According to these women, historical fiction is out. Kids just don’t get enough history in K-8 to have a context in which to place these stories. The organization, content and expectations are just pitiful. Here’s what one local school system does:
3rd Grade: Early Illinois history
4th Grade: Geography
5th Grade: More geography and U.S . History through the Civil War (if we’re lucky, commented the librarian)
6th Grade: Prehistory to Ancient Rome (okay, I’m on board here)
7th Grade: back to Geography
8th Grade: U.S. Government and U.S. History from Reconstruction to the Cold War
Why on earth kids need so much geography, and why it can’t be taught in the more meaningful context of history, is beyond me. At my house dear daughter never studied geography as a separate subject (oh, okay, she did some workbook pages on Fridays in 3rd & 4th grade) until 8th grade, when dd took AP Human Geography, easily passing with a 5. What’s missing from the above curriculum? How about all of European, Middle Eastern and Asian history, with only a smidgen of African history thrown in for political correctness?

By 8th grade, some kids have discovered historical fiction on their own, but the bulk of their early reading is focused (according to these speakers) on fantasy, relationships series (if girls) and horror (if boys). Also, the classic children’s books of the past have either been moved up to high school, being too long with too difficult vocabulary, or eliminated all together, being at odds with modern political correctness. In high school it’s better—our local high school requires 4 history or social studies courses, and a judicious choice can get some pretty good survey courses. Too bad it’s their first encounter.

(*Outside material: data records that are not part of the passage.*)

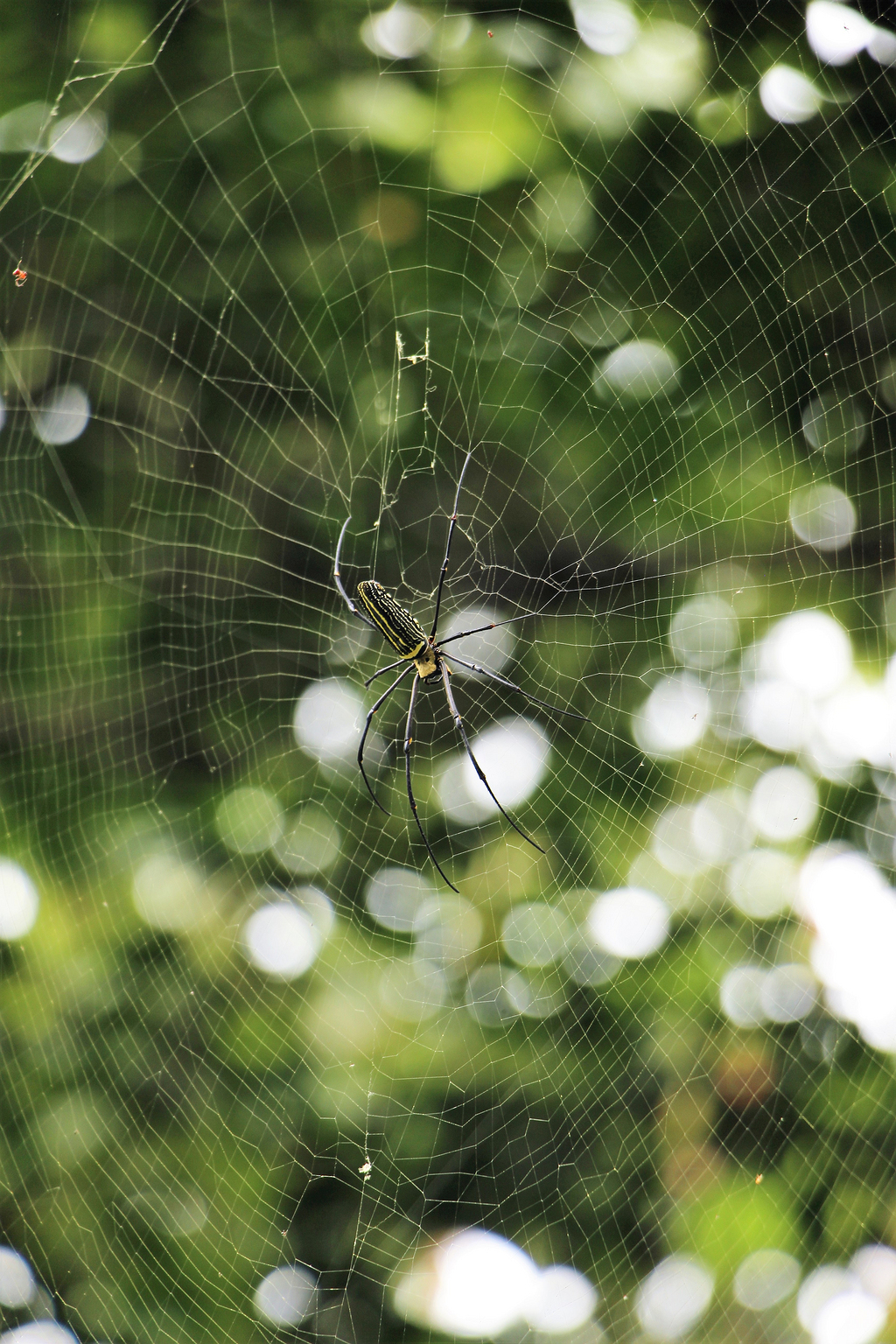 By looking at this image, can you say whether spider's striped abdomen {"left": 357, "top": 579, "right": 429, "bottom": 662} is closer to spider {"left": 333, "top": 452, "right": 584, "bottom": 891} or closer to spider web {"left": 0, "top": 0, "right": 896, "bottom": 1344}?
spider {"left": 333, "top": 452, "right": 584, "bottom": 891}

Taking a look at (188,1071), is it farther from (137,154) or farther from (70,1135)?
(137,154)

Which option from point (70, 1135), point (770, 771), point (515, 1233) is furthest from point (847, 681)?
point (70, 1135)

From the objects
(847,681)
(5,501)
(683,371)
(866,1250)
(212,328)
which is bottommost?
(866,1250)

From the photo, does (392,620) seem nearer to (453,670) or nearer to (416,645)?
(416,645)

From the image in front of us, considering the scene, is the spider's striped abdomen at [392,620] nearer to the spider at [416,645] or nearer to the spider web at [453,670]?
the spider at [416,645]

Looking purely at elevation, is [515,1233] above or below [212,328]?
below

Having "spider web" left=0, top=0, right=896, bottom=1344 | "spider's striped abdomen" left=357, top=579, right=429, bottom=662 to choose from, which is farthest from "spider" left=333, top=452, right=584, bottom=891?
"spider web" left=0, top=0, right=896, bottom=1344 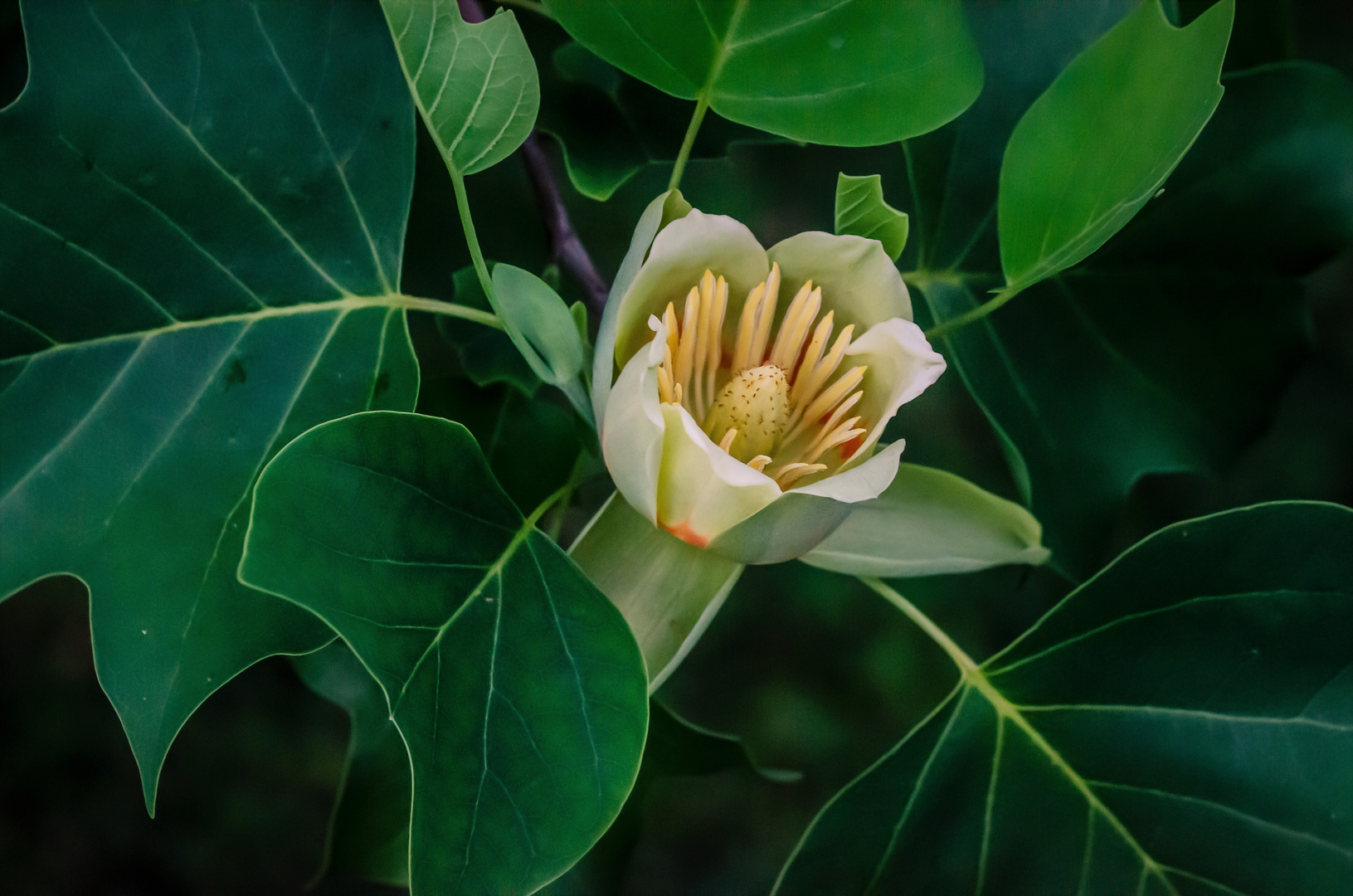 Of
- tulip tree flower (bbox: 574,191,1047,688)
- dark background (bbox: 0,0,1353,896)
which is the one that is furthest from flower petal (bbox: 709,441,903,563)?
dark background (bbox: 0,0,1353,896)

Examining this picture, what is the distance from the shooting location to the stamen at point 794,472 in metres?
0.44

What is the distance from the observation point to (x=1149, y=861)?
0.52 meters

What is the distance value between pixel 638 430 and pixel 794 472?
88 mm

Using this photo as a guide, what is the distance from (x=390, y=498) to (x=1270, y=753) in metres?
0.45

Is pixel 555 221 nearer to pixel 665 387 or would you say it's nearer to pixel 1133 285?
pixel 665 387

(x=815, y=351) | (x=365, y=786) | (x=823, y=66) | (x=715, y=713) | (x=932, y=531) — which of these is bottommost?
(x=715, y=713)

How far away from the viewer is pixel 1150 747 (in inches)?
20.6

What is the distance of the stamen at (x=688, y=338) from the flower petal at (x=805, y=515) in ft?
0.27

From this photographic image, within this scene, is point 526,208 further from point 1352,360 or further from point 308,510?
point 1352,360

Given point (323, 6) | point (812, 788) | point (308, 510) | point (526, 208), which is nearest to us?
point (308, 510)

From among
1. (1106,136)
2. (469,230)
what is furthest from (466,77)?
(1106,136)

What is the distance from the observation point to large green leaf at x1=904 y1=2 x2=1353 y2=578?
0.63 meters

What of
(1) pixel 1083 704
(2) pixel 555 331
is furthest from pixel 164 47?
(1) pixel 1083 704

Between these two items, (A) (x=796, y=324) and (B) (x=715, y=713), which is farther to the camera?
(B) (x=715, y=713) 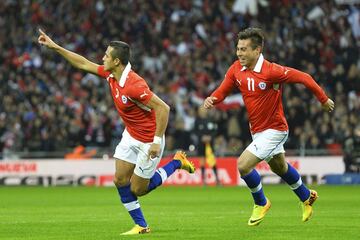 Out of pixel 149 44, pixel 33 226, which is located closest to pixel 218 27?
pixel 149 44

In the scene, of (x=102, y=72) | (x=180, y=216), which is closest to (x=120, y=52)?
(x=102, y=72)

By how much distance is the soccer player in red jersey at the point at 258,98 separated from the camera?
1261 cm

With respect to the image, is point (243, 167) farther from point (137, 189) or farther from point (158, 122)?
point (158, 122)

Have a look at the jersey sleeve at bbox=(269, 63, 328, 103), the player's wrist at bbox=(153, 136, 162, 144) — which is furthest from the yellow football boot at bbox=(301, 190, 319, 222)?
the player's wrist at bbox=(153, 136, 162, 144)

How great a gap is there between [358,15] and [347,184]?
624 cm

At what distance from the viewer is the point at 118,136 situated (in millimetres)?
29609

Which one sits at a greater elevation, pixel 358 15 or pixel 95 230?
pixel 358 15

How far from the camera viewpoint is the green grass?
11.7m

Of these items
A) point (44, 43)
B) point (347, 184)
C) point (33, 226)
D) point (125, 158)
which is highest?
point (44, 43)

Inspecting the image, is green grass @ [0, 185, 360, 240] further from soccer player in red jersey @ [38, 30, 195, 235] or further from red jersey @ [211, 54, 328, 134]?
red jersey @ [211, 54, 328, 134]

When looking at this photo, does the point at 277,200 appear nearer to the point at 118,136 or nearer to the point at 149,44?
the point at 118,136

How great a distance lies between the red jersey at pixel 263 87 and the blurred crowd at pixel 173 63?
49.5 ft

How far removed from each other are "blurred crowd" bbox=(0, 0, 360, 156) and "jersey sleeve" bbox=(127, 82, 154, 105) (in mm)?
16847

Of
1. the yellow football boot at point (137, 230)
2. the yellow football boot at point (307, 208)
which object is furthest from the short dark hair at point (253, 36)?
the yellow football boot at point (137, 230) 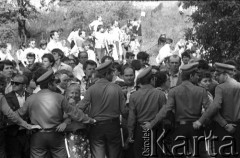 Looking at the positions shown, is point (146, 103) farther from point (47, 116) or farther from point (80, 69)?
point (80, 69)

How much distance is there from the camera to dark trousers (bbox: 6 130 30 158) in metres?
9.79

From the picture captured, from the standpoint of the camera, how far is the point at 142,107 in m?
9.59

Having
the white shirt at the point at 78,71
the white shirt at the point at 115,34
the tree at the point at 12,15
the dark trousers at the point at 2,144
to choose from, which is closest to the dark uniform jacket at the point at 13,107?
the dark trousers at the point at 2,144

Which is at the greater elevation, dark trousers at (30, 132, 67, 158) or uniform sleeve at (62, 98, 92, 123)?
uniform sleeve at (62, 98, 92, 123)

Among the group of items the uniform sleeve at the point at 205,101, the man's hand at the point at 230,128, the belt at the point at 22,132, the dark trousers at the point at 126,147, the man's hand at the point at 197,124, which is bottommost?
the dark trousers at the point at 126,147

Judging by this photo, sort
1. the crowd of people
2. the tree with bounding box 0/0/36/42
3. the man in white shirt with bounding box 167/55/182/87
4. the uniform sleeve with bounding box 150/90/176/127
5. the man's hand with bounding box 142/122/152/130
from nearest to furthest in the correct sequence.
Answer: the crowd of people → the uniform sleeve with bounding box 150/90/176/127 → the man's hand with bounding box 142/122/152/130 → the man in white shirt with bounding box 167/55/182/87 → the tree with bounding box 0/0/36/42

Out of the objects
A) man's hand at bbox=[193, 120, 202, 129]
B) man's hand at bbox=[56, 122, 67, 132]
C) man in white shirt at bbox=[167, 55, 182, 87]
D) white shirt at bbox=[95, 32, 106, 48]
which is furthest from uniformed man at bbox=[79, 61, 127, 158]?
white shirt at bbox=[95, 32, 106, 48]

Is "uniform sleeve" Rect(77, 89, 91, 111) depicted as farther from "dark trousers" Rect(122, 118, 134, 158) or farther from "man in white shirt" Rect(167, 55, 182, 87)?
"man in white shirt" Rect(167, 55, 182, 87)

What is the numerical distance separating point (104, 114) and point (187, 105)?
138 centimetres

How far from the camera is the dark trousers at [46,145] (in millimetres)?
8930

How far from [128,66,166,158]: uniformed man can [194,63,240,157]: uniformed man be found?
77cm

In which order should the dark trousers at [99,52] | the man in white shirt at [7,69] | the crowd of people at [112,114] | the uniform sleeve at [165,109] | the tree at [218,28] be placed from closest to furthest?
the crowd of people at [112,114]
the uniform sleeve at [165,109]
the man in white shirt at [7,69]
the tree at [218,28]
the dark trousers at [99,52]

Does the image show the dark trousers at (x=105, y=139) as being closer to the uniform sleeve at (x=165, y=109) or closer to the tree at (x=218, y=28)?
the uniform sleeve at (x=165, y=109)

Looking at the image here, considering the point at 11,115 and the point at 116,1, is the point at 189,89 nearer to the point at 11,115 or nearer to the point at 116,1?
the point at 11,115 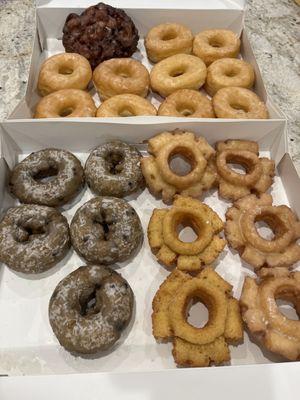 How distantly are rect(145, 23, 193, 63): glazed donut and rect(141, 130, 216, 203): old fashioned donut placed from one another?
69 cm

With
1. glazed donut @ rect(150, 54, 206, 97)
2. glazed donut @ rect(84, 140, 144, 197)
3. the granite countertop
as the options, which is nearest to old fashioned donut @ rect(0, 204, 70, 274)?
glazed donut @ rect(84, 140, 144, 197)

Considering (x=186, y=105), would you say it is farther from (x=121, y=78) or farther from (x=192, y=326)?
(x=192, y=326)

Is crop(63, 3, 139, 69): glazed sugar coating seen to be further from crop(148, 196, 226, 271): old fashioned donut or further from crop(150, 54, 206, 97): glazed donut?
crop(148, 196, 226, 271): old fashioned donut

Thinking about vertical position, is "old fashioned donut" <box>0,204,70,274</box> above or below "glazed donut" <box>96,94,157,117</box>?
below

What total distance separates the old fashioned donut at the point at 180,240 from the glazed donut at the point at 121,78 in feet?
2.42

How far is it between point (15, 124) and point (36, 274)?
70cm

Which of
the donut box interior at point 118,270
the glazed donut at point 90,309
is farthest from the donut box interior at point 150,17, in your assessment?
the glazed donut at point 90,309

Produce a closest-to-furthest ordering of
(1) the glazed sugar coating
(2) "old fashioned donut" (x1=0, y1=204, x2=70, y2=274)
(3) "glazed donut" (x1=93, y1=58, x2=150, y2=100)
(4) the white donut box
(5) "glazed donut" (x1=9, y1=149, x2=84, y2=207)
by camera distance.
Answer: (4) the white donut box → (2) "old fashioned donut" (x1=0, y1=204, x2=70, y2=274) → (5) "glazed donut" (x1=9, y1=149, x2=84, y2=207) → (3) "glazed donut" (x1=93, y1=58, x2=150, y2=100) → (1) the glazed sugar coating

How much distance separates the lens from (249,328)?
156 centimetres

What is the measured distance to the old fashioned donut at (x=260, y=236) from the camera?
1.75 meters

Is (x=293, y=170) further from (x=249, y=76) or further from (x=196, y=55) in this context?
(x=196, y=55)

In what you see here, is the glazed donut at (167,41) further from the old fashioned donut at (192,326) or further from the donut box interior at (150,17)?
the old fashioned donut at (192,326)

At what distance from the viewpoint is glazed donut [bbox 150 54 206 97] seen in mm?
2254

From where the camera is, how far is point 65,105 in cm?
217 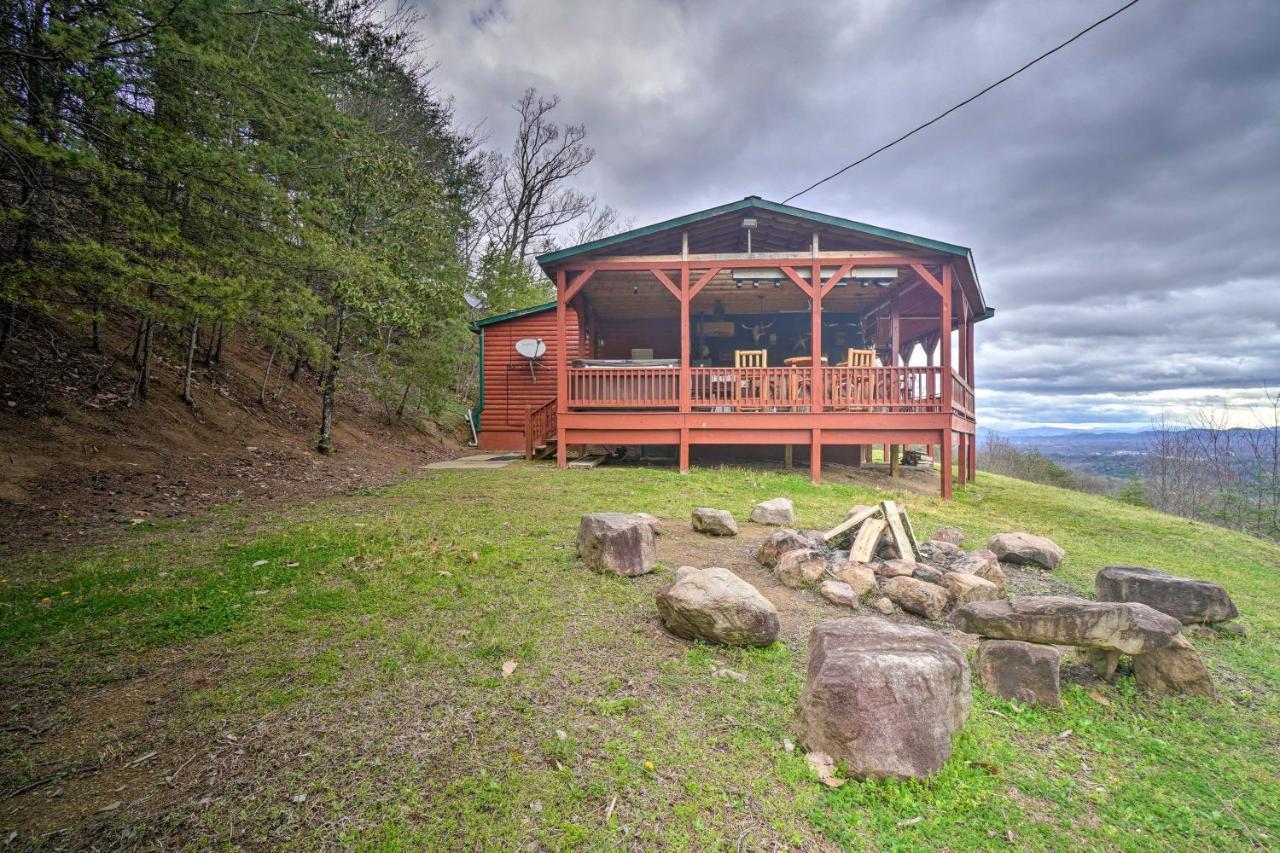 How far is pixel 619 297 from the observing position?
13.3 metres

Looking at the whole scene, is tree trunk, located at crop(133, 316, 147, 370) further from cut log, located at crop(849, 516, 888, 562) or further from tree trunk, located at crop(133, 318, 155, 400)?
cut log, located at crop(849, 516, 888, 562)

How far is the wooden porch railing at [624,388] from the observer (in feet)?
35.2

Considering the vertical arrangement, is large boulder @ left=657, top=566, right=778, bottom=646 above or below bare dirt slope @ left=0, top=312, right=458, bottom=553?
below

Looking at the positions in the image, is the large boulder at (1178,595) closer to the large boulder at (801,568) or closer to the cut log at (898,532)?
the cut log at (898,532)

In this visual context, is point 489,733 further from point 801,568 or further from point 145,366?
point 145,366

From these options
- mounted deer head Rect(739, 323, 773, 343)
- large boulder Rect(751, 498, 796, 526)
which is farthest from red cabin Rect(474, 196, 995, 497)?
large boulder Rect(751, 498, 796, 526)

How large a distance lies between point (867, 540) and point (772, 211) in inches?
294

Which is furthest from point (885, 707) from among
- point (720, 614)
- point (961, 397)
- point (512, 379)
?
point (512, 379)

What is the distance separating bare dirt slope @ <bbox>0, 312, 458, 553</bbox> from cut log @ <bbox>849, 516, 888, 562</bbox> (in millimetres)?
7325

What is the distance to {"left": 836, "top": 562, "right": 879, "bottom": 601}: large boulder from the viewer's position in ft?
13.6

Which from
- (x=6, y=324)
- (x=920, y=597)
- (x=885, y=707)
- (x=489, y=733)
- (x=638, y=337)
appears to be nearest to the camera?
(x=885, y=707)

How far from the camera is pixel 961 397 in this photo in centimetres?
1188

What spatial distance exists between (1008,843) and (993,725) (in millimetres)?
841

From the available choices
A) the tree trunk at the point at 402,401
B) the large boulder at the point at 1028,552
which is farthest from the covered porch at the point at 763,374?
the tree trunk at the point at 402,401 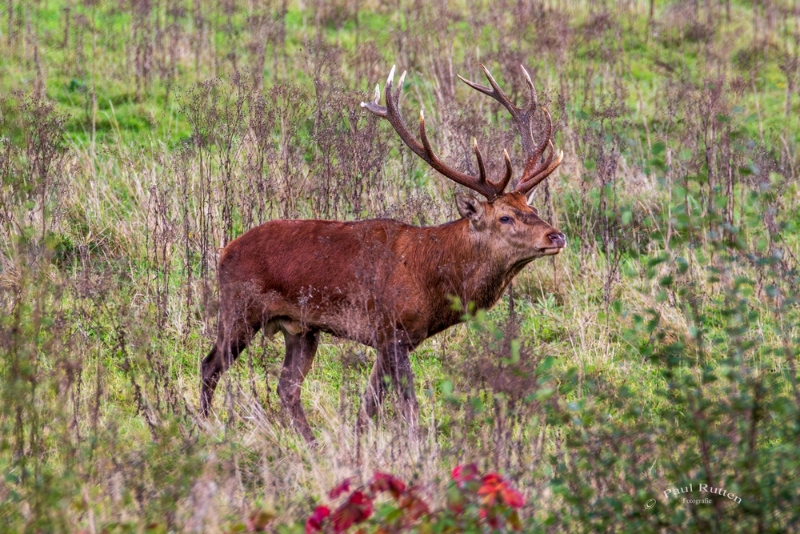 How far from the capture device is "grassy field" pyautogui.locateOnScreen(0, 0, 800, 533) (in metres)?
4.11

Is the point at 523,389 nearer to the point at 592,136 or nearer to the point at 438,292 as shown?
the point at 438,292

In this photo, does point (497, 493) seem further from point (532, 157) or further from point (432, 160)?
point (532, 157)

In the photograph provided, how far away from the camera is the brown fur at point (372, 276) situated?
607 cm

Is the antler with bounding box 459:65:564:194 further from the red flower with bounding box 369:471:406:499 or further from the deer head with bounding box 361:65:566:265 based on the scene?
the red flower with bounding box 369:471:406:499

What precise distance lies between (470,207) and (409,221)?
1.60 m

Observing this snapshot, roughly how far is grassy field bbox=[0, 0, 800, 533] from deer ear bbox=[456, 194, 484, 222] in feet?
2.18

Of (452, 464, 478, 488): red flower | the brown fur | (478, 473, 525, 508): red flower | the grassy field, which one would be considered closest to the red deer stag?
the brown fur

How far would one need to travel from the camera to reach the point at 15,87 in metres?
10.4

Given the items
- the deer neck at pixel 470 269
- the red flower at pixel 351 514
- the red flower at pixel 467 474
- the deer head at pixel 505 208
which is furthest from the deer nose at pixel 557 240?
the red flower at pixel 351 514

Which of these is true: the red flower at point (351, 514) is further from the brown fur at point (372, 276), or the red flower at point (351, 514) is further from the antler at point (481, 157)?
the antler at point (481, 157)

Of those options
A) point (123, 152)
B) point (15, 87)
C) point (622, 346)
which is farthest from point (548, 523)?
point (15, 87)

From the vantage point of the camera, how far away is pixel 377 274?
19.9 ft

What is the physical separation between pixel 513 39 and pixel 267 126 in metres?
5.40

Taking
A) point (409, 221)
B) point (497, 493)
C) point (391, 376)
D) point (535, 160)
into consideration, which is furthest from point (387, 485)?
point (409, 221) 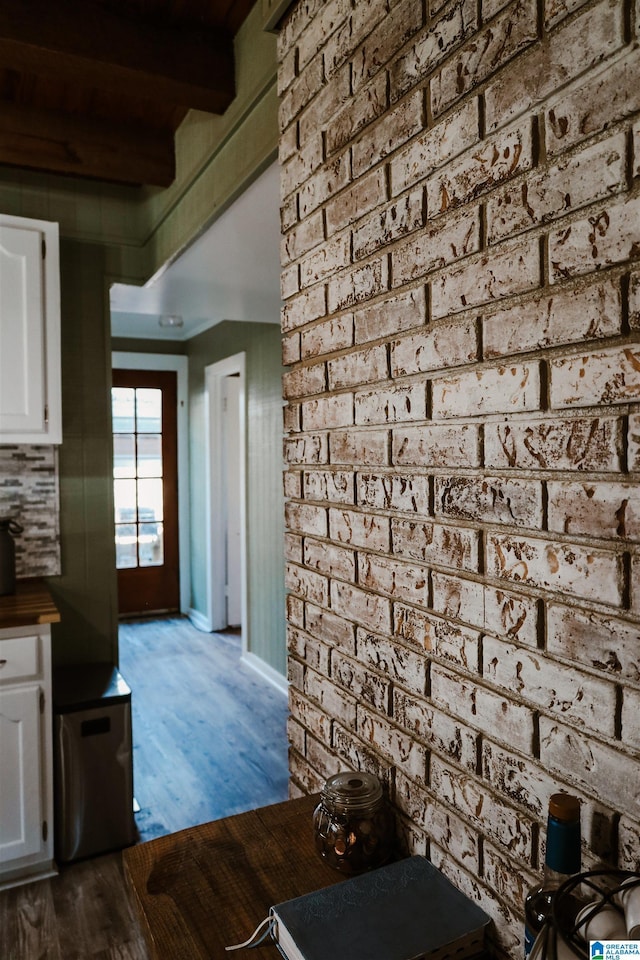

I firmly believe in the “inoculation” theory of education, by which I mean, you give kids a shot of something several times over a period of years, and eventually that exposure strengthens their bodies’ response to the stimulus. The kid who read a picture book of the Odyssey in 1st grade and a retelling in 5th grade will be raring to go on the real thing by high school (not bored out of their gourds, as my daughter observed at a local high school class.)

Grappling with serious literature, classics, and lengthy works only becomes easy with exposure and training. The child who is exposed to the arts early on, in a meaningful context, by a teacher (or parent) who is knowledgeable and enthusiastic, will be a lifelong fan—at least an appreciative audience if not a creator.

All the stats show that newspapers have failed to reach a younger audience, who has never developed the habit of reading the morning paper (or the afternoon one, remember those?) But ultimately, we as parents and we as artists can’t leave it up to the schools. As an old poem says, children learn what they live. Children who see us anticipating concerts with enthusiasm, reading challenging books, and actually using our museum memberships for our own adult benefit will have a whole different cultural vocabulary from those whose evenings are spent watching reality tv. If only we valued season tickets to the opera as highly as we value ownership of a Hummer.